BFL official guide: FLUX 2 attention handles weighting internally. Community tests show simple parentheses for moderate emphasis may still help at the margin — but sentence structure beats syntax. Don't stack (((concept:1.5))); rewrite the sentence instead.

FLUX 2 multi-reference: weight via image order and API strength, not prompt :::

"Character from image 1 wearing the outfit from image 2, standing in the environment from image 3."

See our character consistency guide for ref weights.

Side-by-side: same intent, two dialects

Intent: red dress more important than ballroom.

Midjourney v6:

woman in ballroom:: red dress::3 --v 6.1

Midjourney v7:

Woman wearing a vivid red silk dress, full-length view, ornate ballroom interior softly blurred behind her --no muted wardrobe --v 7

FLUX:

Woman in a vivid red silk dress that fills the foreground, standing in an ornate ballroom with chandeliers receding into soft blur.

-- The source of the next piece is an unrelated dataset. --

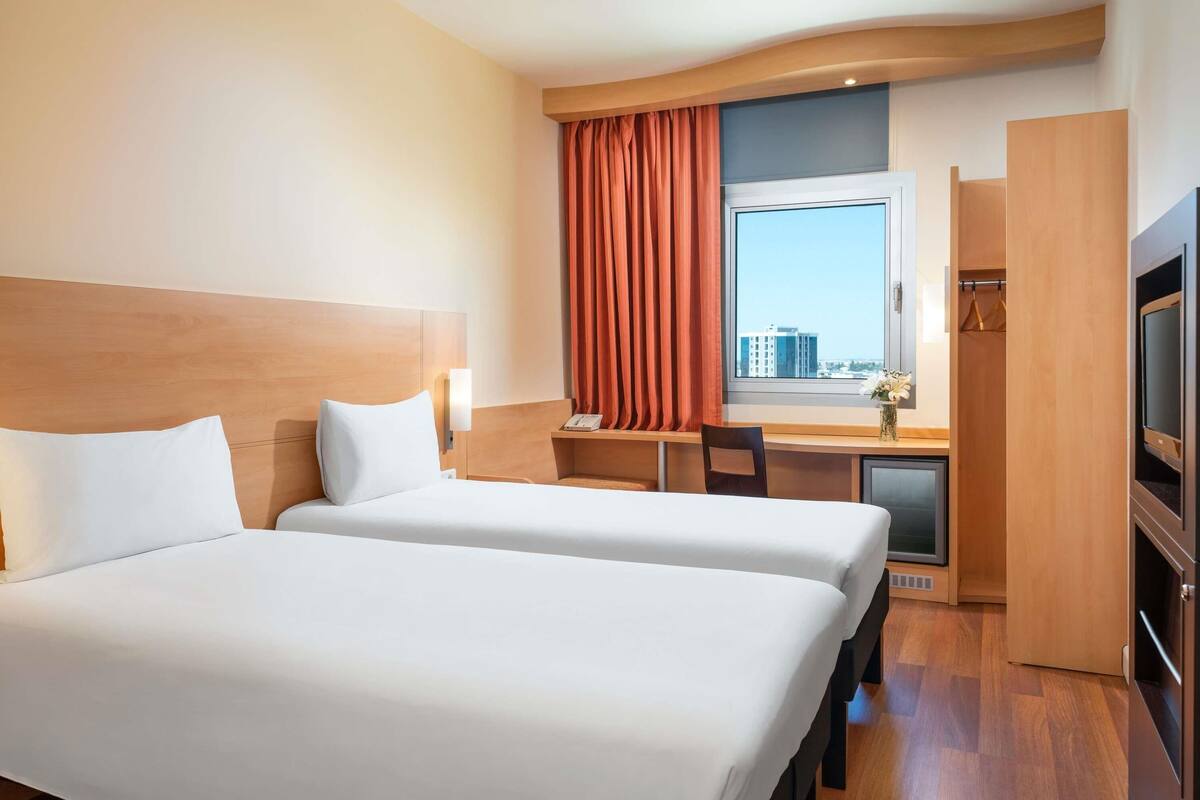 A hotel room with two beds, a desk, a chair, a TV, and a window with a view of buildings.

Stable Diffusion XL (not FLUX — shown for contrast):

woman in ballroom, (red dress:1.4), ornate interior -- negative: muted colors

Translation mistakes (fix these)

| Habit from SD | Midjourney v7 | FLUX |

| (masterpiece:1.2) | Ignored / literal noise | Ignored / literal | Use in SDXL only |

| 1girl, solo, best quality tags | Works sometimes; not optimal | Weak — write sentences |

| cat::2 dog::1 | Broken on v7 — use v6 or rewrite | N/A — use word order |

| --no | ✅ works | N/A — positive "without X" |

| Long negative prompt block | --no a few terms | Describe what you want instead |

| Same prompt all models | Rewrite per dialect | Rewrite per dialect |

Debugging weight problems

Symptom: wrong subject dominates.

  • MJ v7: move subject to first sentence; add --no [competing concept]
  • MJ v6: raise promptlet weight hero::3 background::1
  • FLUX: shorten background clause; add "foreground dominated by [subject]"

Symptom: reference face drifts (MJ).

  • Raise --ow 100 → 450; lower --stylize; add --style raw

Symptom: style ref overpowers scene (MJ).

  • Lower --sw to 50–80; reduce sref count

Symptom: FLUX ignores adjective.

  • Adjective may be too late in prompt — move earlier
  • Lower guidance if image looks over-processed; raise if too loose

Symptom: (token:1.3) did nothing (FLUX).

  • Expected. Rewrite with natural emphasis or split into two sentences.

PromptMake workflow

/image → pick Midjourney v7 or FLUX target → paste SD prompt → Improve or Recreate rewrites into dialect-correct structure (no spurious (weights) or --ar on FLUX).

A/B test: same scene description, two outputs — MJ with --style raw vs FLUX with guidance 4.0. Compare which obeyed hierarchy.

3 free /image generations per day — use for dialect translation before paid MJ/FLUX credits.

Quick reference card

Midjourney v7: order + --no + --ow/--sw/--iw/--stylize. No inline ::.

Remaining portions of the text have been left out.